#### [Problem]
Look below for the line holding "For this program, we" and the line holding "So we just want". Repeat those two and everything between, exactly.

#### [Data for review]
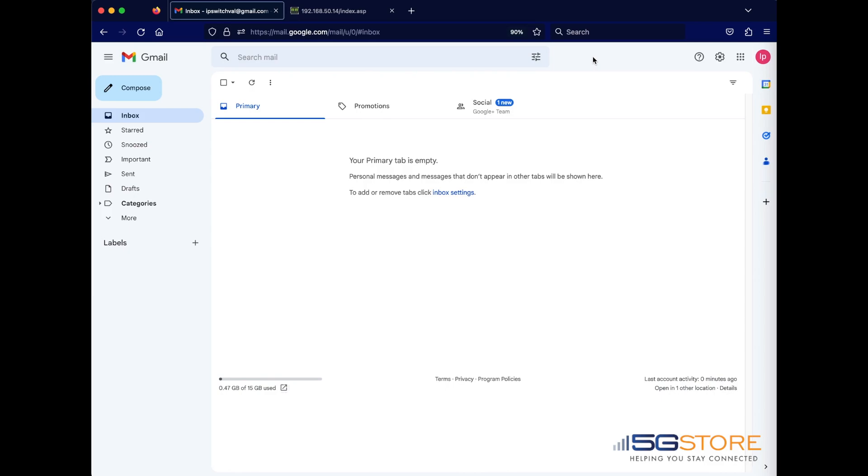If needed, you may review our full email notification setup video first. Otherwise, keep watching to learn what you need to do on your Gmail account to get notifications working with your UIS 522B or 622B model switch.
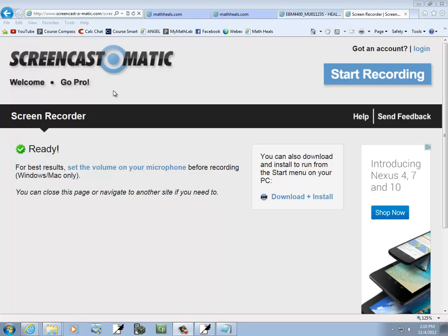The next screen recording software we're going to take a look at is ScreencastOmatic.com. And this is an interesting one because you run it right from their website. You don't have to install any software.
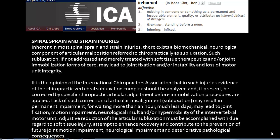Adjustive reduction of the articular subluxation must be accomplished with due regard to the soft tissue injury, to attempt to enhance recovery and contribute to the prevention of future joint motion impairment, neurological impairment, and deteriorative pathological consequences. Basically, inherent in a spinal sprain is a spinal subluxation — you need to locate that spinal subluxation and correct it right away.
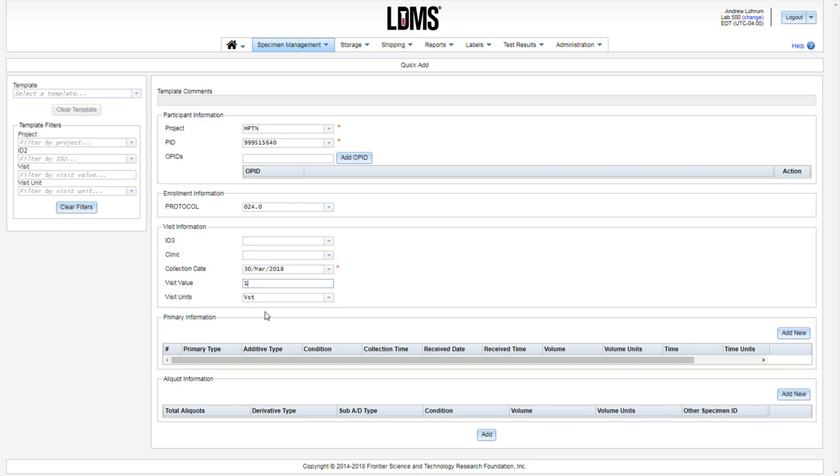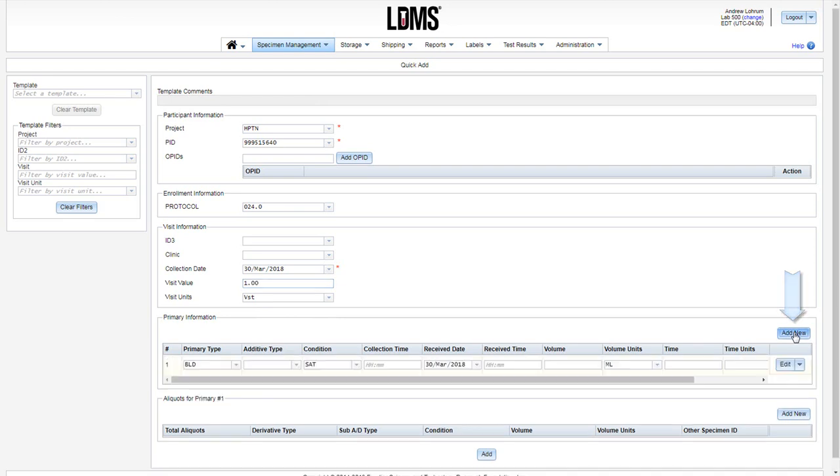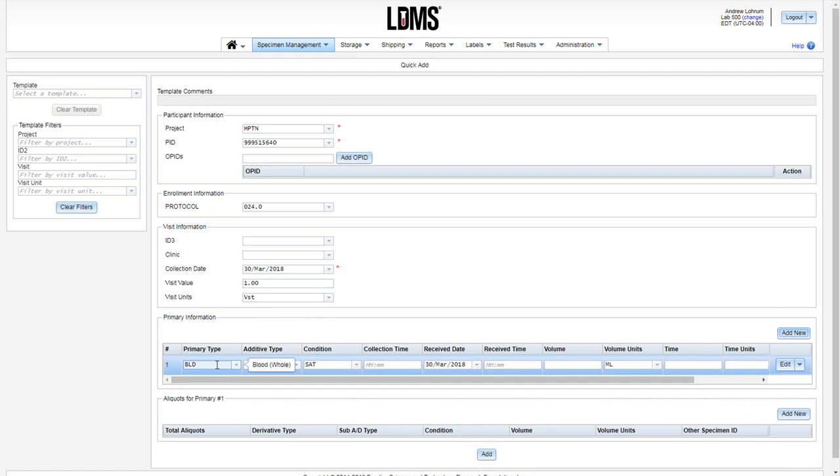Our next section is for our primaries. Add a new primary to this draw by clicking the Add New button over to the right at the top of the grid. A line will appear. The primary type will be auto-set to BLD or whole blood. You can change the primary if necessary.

...

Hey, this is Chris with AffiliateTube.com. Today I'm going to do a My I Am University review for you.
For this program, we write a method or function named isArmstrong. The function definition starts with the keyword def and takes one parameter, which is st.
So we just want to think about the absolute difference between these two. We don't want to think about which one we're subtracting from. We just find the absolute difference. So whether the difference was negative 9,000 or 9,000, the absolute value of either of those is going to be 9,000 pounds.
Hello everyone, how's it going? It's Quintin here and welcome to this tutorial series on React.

#### [Solution]
For this program, we write a method or function named isArmstrong. The function definition starts with the keyword def and takes one parameter, which is st.
So we just want to think about the absolute difference between these two. We don't want to think about which one we're subtracting from. We just find the absolute difference. So whether the difference was negative 9,000 or 9,000, the absolute value of either of those is going to be 9,000 pounds.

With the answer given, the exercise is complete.